'Any sort of school should avoid linguistic apartheid.'
Inuit language thrives in Greenland
NUUK – You can find a copy of Harry Potter, translated in Greenlandic, at the local library of Greenland's capital.
Also available are the translated works of William Shakespeare, Charles Dickens and Ernest Hemingway.
Fifty Greenlandic publications are produced each year, says Carl Christian Olsen, head of Greenland's language secretariat and chair of the languages commission. About 17 of those are literature or poetry.
Such is the benefit of having a long history of written materials, dating back to Greenlandic bibles written by visiting missionaries in the 18th century.
While Inuit in Nunavut were punished for speaking Inuktitut in residential schools, Greenland has a long history of teaching Greenlandic in schools, since the early 20th century.
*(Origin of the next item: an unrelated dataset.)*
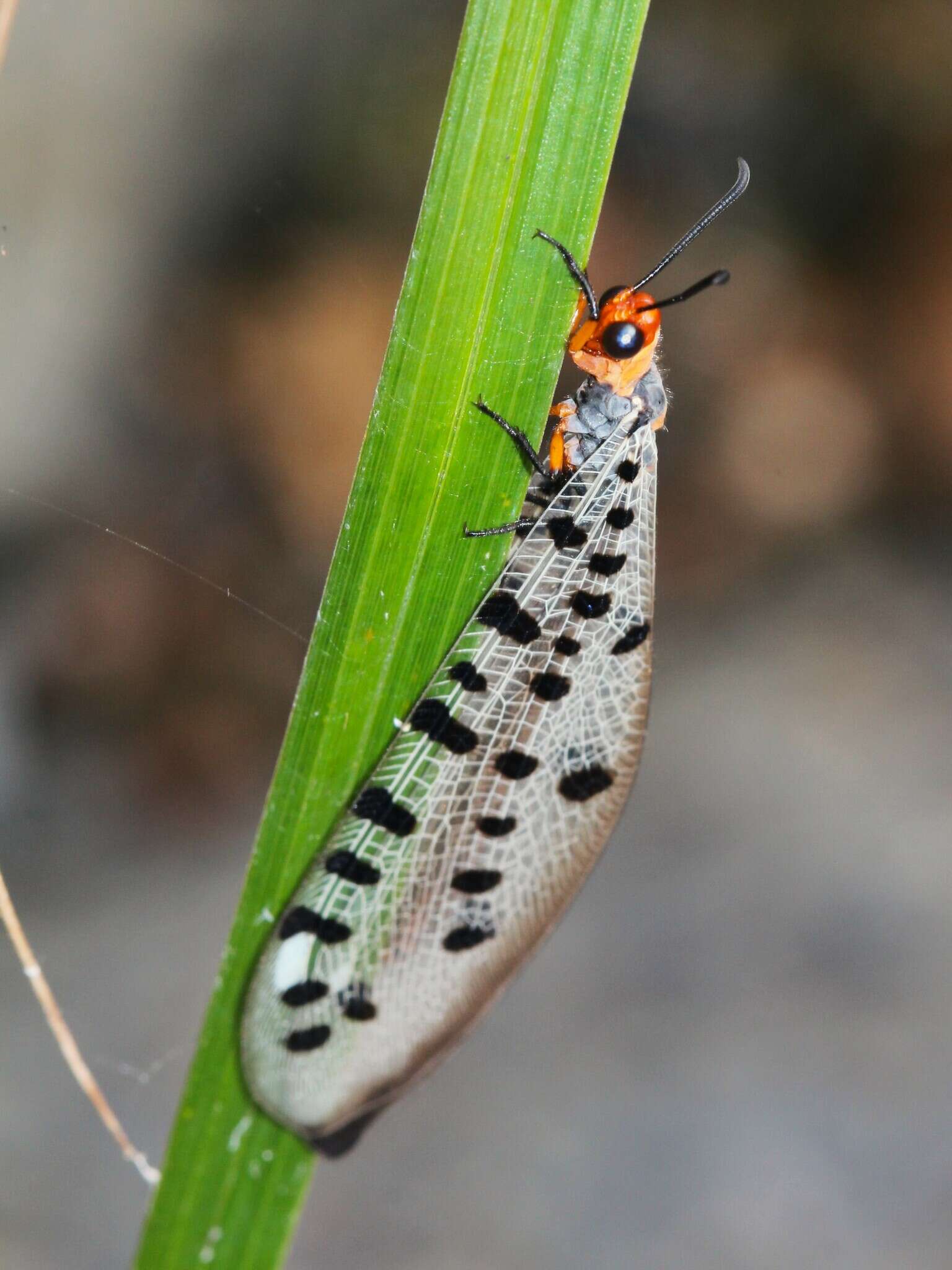 Image of Myrmeleon erythrocephalus Leach 1814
It's also a consequence of having those missionaries decide that the language ought to be written with standard Roman orthography, rather than the more-difficult-to-reproduce syllabic system popularized by missionaries in Canada's eastern Arctic.
Having money to translate and print such books helps, too.
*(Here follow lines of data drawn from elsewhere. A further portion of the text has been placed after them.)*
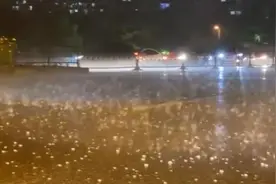 安徽多地现冰雹天气，冰粒子噼里啪啦砸下视频封面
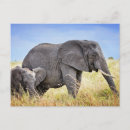 Suche nach afrikanischer elefant postkarten Tansania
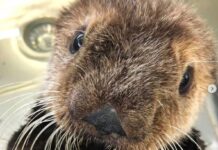 バンクーバー水族館のラッコのクアッツェ、保護されて1年目の記念日を迎える 3月に保護されたラッコ。Marine Mammal Rescue Centreのインスタグラムより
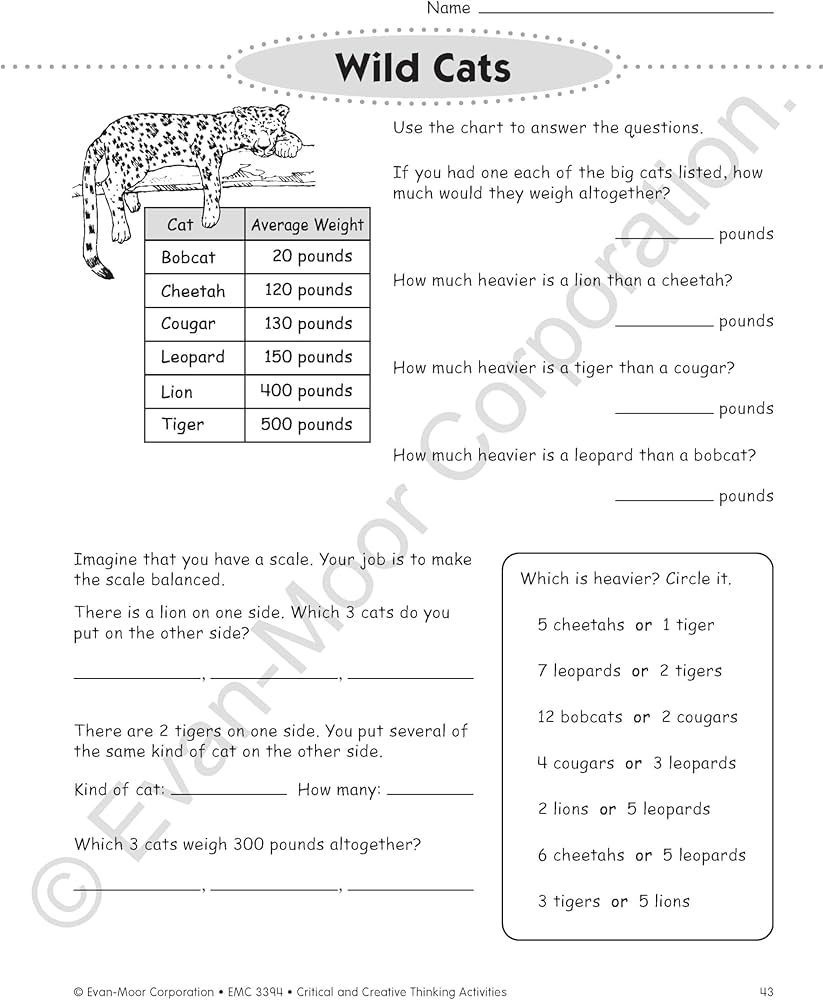 Critical Creative Thinking Activities Grade 4 Lynette Rachel Evans Marilyn Amazon in Books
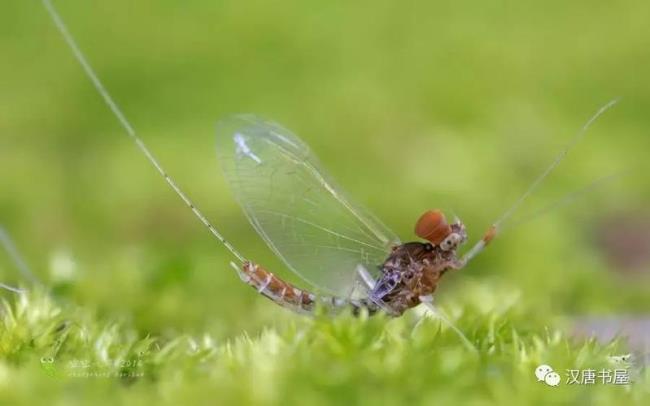 渺沧海之一粟全诗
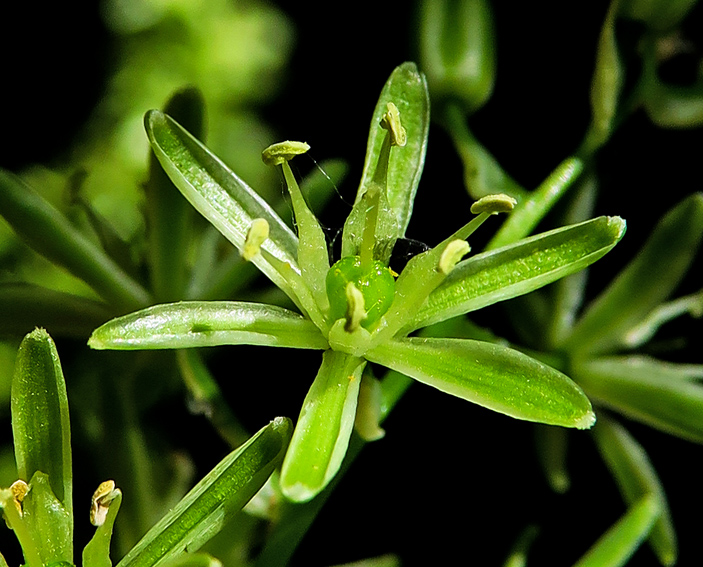 Ornithogalum3d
Olsen says he's disappointed that Canada, a country of "enlightened people," doesn't give Inuktitut the same sort of language funding that French receives as an official language.
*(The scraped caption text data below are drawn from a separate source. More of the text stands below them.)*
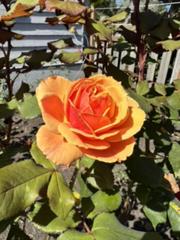 IMG_3897.HEIC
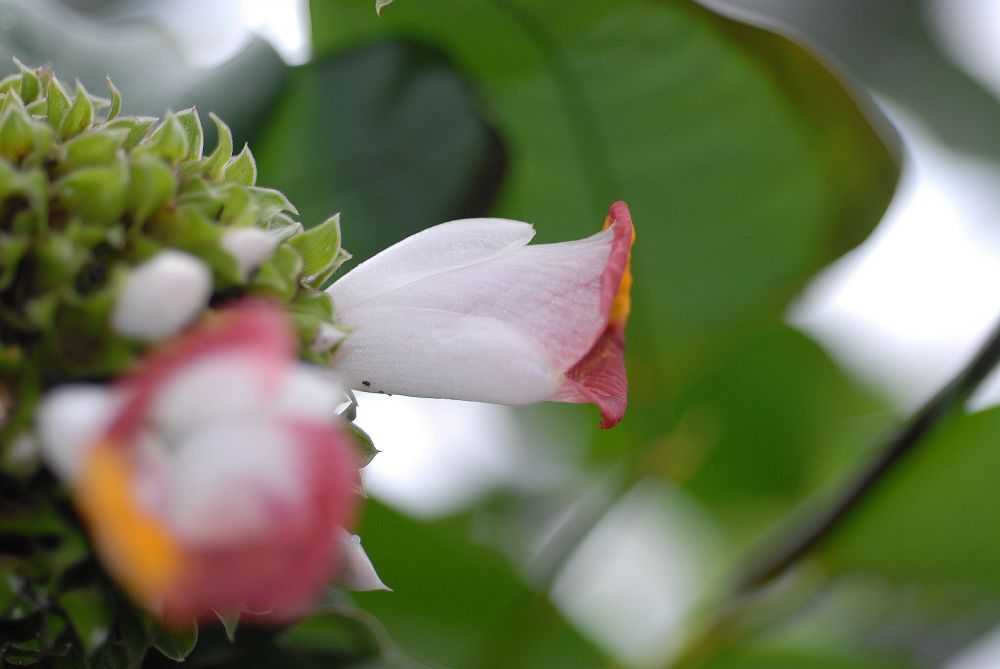 Costaceae Costus lucanusianus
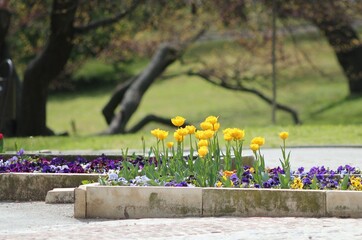 Colorful tulips in the park in spring
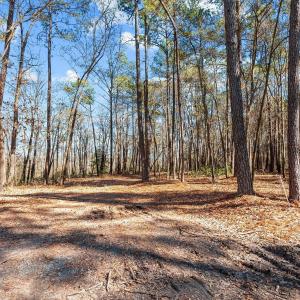 14-web-or-mls-_DSC3477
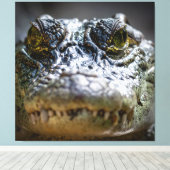 krokodil in water canvas afdruk (Insitu (Houten vloer))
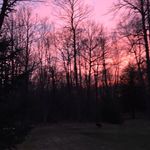 Benjamin Branson - @benjamin_b1999 - Instagram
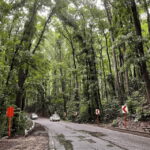 Bohol Chocolate Hills Tour with Loboc River Lunch Buffet - What’s Included and What’s Not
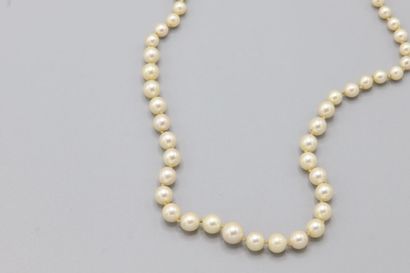 null Collier de perles en chute, diamètre 5 à 8,65 mm, fermoir or jaune 750 millièmes...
Some in Nunavut fear that Inuktitut, and particularly Inuinaqtun, are dying. There are no such fears in Greenland.
On the streets of Nuuk, Greenlandic is often spoken by children, who all seem to carry cellphones. They send text messages to one another, in both abbreviated Danish and Greenlandic, shortening words like qujanaq, or thank you, to qujan.
Olsen recalls how, in the 1960s and 1970s, elders in Greenland feared their language would be lost. They noticed their children spoke words differently.
But they needn't have feared, Olsen said. Such changes are natural for languages. An unchanging language is a dead one.
Today, the vast majority of Greenlanders – 92 per cent – are fluent in their native tongue, while 62 per cent are also fluent in Danish, according to the Survey of Living Conditions in the Arctic, published this March.
"Thirty years ago, you wouldn't find any Greenlander speaking English, and very few speaking Danish," Olsen said.
Until around the 1990s, Danish and Greenlandic children were taught in separate kindergarten classes. Now, there is a push towards integration, to ensure that children can speak both languages, Olsen said.
"Any sort of school should avoid linguistic apartheid," he said.
Greenland also has a standard dialect – west Greenlandic – which is used to produce all publications and teaching materials.
It sometimes produces bizarre results. On Greenland's east coast, children are taught the western dialect in the classroom, while continuing to speak the eastern dialect in their homes.
But at least there's a standard. In Nunavut, although the Igloolik dialect is the de facto standard, no leader has been willing to make such a decision, for fear of alienating communities.
As a result, translated materials in Nunavut vary in dialect from government department to department.
Beyond books, Greenlandic is practiced in a lively music scene, ranging from soulful Greenlandic folk tunes to jazz to gangsta rap.
But Greenlanders also enjoy art produced by their Canadian neighbours. They listen to Nunavut's Susan Aglukkaq, and Nunavik's Taima. And their struggling film industry has yet to produce anything as successful as Igloolik Isuma Productions.